Been to a pet pet store?

Out shopping at the local Mall with the family, you turn the corner and walk right into a crowd.

Adults, teenagers, and children, lots of children, their faces pressed against the glass.

Is it the toy store? The video arcade? One of those cookie & candy stands? No, it’s the Pet Store, and the draw is one of those bumped out windows full of adorable puppies. As they jump and scamper through the shredded paper, the crowd “oooohs” and “aaaahs” with delight.

Step inside the store, and you’ll notice that behind a glass wall there are cages stacked three high full of cute puppies representing all the popular breeds. Poodles, Yorkies, Shih-Tzu, Cocker Spaniels, Shetland Sheepdogs, perhaps an Alaskan Malamute, Siberian Husky or Saint Bernard, and of course, a Dalmatian. Really large stores will offer the more “exotic” breeds such as the delicate Italian Greyhound or the Bulldog, priced accordingly.

Take a good look at those puppies. Those poodles with their freshly groomed coats – they’re shivering madly. Did they catch a chill during their bath? Look at how that Shetland Sheepdog endlessly turning circles in it’s cubicle. A little ‘stir crazy’? You wonder if anyone ever takes him out just to run off some of that energy. That Yorky squeezed into the back corner of it’s cage, the one the attendant has a little trouble catching in order to show him off to a prospective customer. Is he just naturally timid, or poorly socialized? And what about that Dalmatian, sleeping quietly in his cage while the Cocker Spaniel next to him is barking, barking, barking – could that pup be blessed with a Zen-like attitude toward life, or is he possibly deaf?

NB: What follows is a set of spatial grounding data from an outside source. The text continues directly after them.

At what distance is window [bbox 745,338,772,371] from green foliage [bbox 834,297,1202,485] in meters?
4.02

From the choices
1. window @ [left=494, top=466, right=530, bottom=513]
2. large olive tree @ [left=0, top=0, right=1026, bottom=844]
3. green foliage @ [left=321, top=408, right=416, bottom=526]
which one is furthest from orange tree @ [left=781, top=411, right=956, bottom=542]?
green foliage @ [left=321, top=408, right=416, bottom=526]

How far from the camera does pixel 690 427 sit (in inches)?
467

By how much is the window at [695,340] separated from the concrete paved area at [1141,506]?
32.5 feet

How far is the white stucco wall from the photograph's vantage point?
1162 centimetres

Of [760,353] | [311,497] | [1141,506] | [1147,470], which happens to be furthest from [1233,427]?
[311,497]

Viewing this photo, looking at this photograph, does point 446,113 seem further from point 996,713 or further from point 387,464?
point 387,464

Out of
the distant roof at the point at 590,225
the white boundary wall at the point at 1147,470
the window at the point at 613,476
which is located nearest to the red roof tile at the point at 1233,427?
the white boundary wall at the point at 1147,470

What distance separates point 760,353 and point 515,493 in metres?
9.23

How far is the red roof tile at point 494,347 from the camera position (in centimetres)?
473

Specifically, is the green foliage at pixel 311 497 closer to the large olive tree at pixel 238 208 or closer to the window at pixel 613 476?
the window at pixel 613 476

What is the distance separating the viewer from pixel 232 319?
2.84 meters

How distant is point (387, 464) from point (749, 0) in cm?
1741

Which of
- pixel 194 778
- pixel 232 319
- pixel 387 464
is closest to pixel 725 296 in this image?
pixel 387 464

Now prepare yourself, we’re going to look at the prices – they are steep, almost four figures for some breeds. A down payment on a car isn’t this much.{You’ll notice that the older, larger puppies all have a ‘Marked Down’ sign on their cages.} You ask the attendant, who’s really just a High School kid paid to clean the cages, about those high prices, and you are told that the store accepts all major credit cards. The attendant further informs you that they are all “Quality, Purebred AKC puppies”, that they’ve had their shots, and that they have been examined by a “Qualified Professional”. Presumably, that would be someone who’s had their driver’s license longer than 6 months.

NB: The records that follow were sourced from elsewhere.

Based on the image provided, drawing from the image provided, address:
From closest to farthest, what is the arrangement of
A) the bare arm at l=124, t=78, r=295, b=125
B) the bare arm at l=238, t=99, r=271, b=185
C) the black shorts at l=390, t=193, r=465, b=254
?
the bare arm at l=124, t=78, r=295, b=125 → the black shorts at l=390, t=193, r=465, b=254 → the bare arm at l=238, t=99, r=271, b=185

You ask to see the Dalmatian, and the little fella is dutifully brought out to a little room where you and the pup can ‘get aquatinted’. He seems a bit distracted, but then again, he just woke up. After a few minutes, you realize that although the puppy prances right over when it sees you pat the floor, it doesn’t seem to be responding to your attempts to call it. Again, you wonder if it may be deaf. When questioned, the attendant says he didn’t know that Dalmatians could be deaf, he’d never heard about that before. To help settle your doubts, he assures you that there is a 30 day money back guarantee on all the puppies – if you decide you don’t want him, just bring him back for a replacement. {He doesn’t mention what happens to a returned pup.}

Now you ask to see the cute little fur ball Malamute puppy. Once again, the room comes alive with the happy face and perky expression of a 10 week old puppy. “Wait a minute”, you exclaim to the kid with the water dripping from behind his ears, “The puppy seems to be limping on his back leg. What’s wrong with him?” The attendant, , once again, has no clue what happened, or what might be wrong. Actually, he has no idea that hip dysplasia even exists, and couldn’t tell you what it was. Puppy must have pulled a muscle, playing in the back somewhere. Yea, right!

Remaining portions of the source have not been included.